Das Skript
»Wollen Sie mir jetzt erzählen, was zwischen Ihnen und Stohrmann los ist?«
Sie umschloss mit beiden Händen das Wasserglas und starrte es an wie eine Kristallkugel. »Warum interessiert Sie das so sehr? Sie haben mir schon mehr als einmal deutlich signalisiert, was Sie von mir halten und davon, dass ich in der BAO Ihre Vorgesetzte bin. Warum sollte ich ausgerechnet Ihnen private Dinge erzählen?«
»Weil wir Partner sind, und weil Stohrmann unser gemeinsamer Vorgesetzter ist. Weil ich merke, dass das, was da zwischen Ihnen läuft, unsere Arbeit beeinflusst. Weil ich denke, dass ich deshalb ein gewisses Recht darauf habe zu erfahren, was los ist und wie sehr sich das noch auf unseren Dienst auswirken kann. Verstehen Sie das?«
Sie wurden von dem Kellner unterbrochen, der den Salat und die dampfende Pizza brachte und vor ihnen abstellte.
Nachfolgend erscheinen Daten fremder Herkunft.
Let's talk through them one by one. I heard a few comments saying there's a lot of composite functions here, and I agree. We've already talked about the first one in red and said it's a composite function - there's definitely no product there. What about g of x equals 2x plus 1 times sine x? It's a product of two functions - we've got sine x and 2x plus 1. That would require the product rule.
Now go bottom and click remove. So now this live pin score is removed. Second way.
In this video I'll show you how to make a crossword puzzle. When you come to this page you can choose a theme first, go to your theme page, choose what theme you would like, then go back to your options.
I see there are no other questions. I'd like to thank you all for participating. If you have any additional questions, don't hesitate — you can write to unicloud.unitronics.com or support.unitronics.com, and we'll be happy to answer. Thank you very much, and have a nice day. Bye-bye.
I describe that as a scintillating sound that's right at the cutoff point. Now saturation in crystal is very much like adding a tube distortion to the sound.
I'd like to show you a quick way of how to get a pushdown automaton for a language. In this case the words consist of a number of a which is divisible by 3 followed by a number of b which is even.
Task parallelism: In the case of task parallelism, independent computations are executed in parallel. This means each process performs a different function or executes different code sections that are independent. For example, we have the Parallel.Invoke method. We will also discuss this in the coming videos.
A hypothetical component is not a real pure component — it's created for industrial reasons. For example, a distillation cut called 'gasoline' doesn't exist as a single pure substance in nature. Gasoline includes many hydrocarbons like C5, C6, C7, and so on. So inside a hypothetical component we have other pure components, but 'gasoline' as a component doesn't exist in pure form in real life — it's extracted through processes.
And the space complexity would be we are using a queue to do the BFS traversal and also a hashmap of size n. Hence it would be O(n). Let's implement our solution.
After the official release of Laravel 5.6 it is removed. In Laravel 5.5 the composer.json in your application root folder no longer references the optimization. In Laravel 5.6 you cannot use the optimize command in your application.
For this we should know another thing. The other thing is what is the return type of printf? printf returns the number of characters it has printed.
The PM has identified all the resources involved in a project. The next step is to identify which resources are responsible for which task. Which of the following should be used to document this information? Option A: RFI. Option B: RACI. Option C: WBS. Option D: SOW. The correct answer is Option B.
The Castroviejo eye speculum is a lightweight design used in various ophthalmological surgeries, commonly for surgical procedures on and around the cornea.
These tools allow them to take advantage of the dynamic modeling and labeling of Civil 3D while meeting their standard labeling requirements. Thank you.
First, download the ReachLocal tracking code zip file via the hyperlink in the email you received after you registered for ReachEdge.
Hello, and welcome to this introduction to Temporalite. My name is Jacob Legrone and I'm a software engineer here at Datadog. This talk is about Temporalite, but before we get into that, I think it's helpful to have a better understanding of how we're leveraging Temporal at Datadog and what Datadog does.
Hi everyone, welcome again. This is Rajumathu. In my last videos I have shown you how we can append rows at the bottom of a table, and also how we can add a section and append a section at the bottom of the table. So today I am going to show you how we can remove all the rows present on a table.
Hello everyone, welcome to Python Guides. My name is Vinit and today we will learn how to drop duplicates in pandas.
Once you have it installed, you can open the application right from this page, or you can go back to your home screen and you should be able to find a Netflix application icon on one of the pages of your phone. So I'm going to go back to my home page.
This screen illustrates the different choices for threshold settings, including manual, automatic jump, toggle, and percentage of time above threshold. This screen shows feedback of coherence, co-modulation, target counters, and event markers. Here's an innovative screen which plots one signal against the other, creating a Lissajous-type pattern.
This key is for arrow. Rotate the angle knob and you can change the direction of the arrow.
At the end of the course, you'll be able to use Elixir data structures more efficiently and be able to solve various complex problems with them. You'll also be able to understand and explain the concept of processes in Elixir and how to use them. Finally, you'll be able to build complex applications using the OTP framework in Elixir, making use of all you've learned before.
Als sie wieder alleine waren, sagte Matthiessen: »Ich verstehe schon, was Sie meinen, Herr Erdmann, aber …«
»Wie wäre es mit einer Anrede, wie sie unter Kollegen üblich ist?«
Sie hielt inne und sah ihn eine Weile an, mit diesem nüchternen, abschätzenden Blick, den er an ihr vom ersten Tag an nicht gemocht hatte, den er jetzt aber gelassen über sich ergehen ließ. »Ich wundere mich«, sagte sie schließlich, und dabei huschte tatsächlich der Anflug eines Lächelns über ihr Gesicht. »Ich dachte, Sie mögen mich überhaupt nicht.«
Erdmann grinste. »Wer sagt, dass Sie sich geirrt haben?« Dann hob er das Wasserglas. »Also, wie sieht es aus? Andrea?« Auch Matthiessen griff nach ihrem Glas und hielt es dicht vor seines. »Gut, Stephan …«
»Auf dass wir diesen Irren schnell zu fassen bekommen.« Sie tranken einen Schluck, als hätten sie gerade mit Sekt angestoßen, und widmeten sich dann ihrem Essen.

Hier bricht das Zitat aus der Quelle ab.